Prenez par exemple TLMVPSP : beaucoup de champions ont dépassé facilement la barre des 10000 euros, alors que pourtant, le grand maximum qu’un champion peut gagner en une seule émission, c’est seulement 3000 euros (et encore, c’est vraiment le grand maximum, en général on tourne plutôt autour des 1000 euros, voire moins si le champion se complaît à donner systématiquement le thème pourri au challenger pour garder plus facilement sa place). C’est plutôt une bonne opération financière pour France 2, non ?
D’ailleurs, quand on observe TF1 dans le courant des années 2010, on a pu constater qu’elle proposait de moins en moins de jeux de plateau avec des anonymes (jeux qui étaient très généreux dans les gains potentiels, au passage), à tel point qu’elle a fini par ne quasiment plus en proposer… à une exception notable qui perdure encore et toujours : LDCDM, qui était d’ailleurs l’un des rares jeux à champion que la chaîne proposait.

Troisièmement : tirer sur la corde des concepts qui marchent.

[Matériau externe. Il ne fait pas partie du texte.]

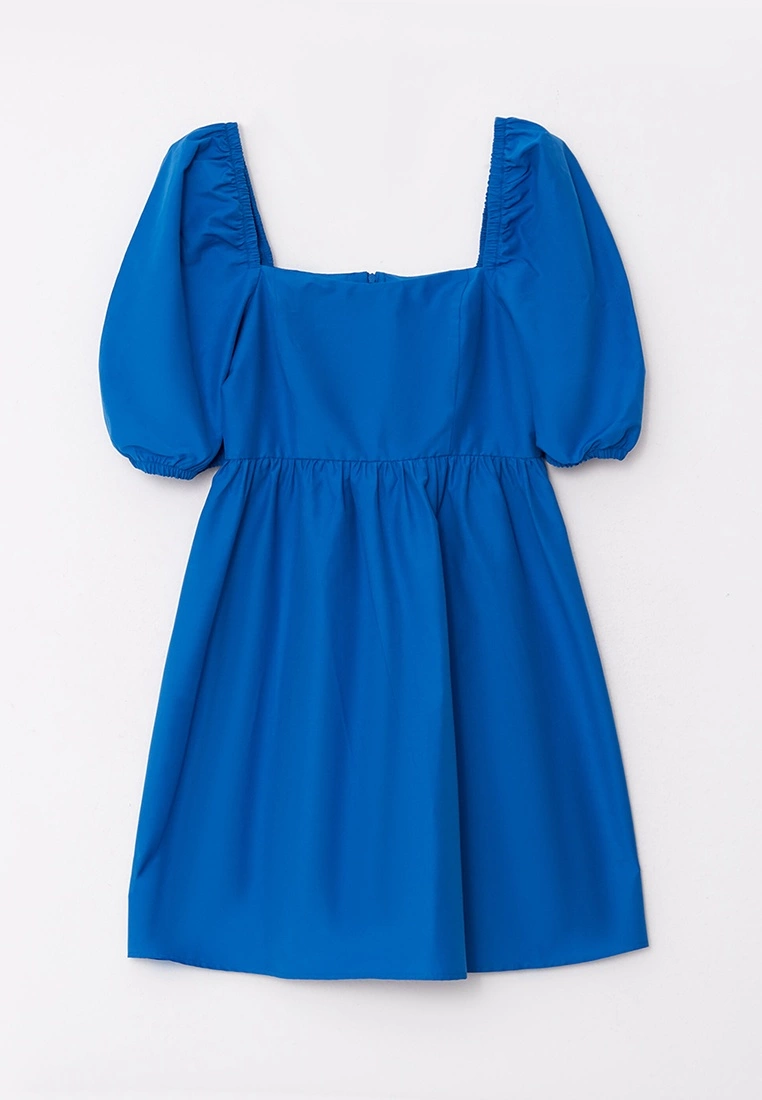 LC WAIKIKI Square Collar Straight Balloon Sleeve Cotton Women's Dress 3 LC WAIKIKI Square Collar Straight Balloon Sleeve Cotton Women's Dress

Parce que comme les diffuseurs et la parcimonie, ça fait deux, c’est fréquent que dès qu’une émission cartonne, on va en bouffer de plus en plus. Ce n’est certes pas une exclusivité relative aux jeux à champion (après tout, Affaire conclue qui n’est pas un jeu TV a bien bénéficié d’une double diffusion quotidienne, de spin-offs et de primes occasionnels alors qu’au départ cette émission ne servait qu’à meubler une heure d’antenne), mais ça offre un bon prétexte aux chaînes et aux boîtes de production pour proposer des variations ou des spéciales du concept de base…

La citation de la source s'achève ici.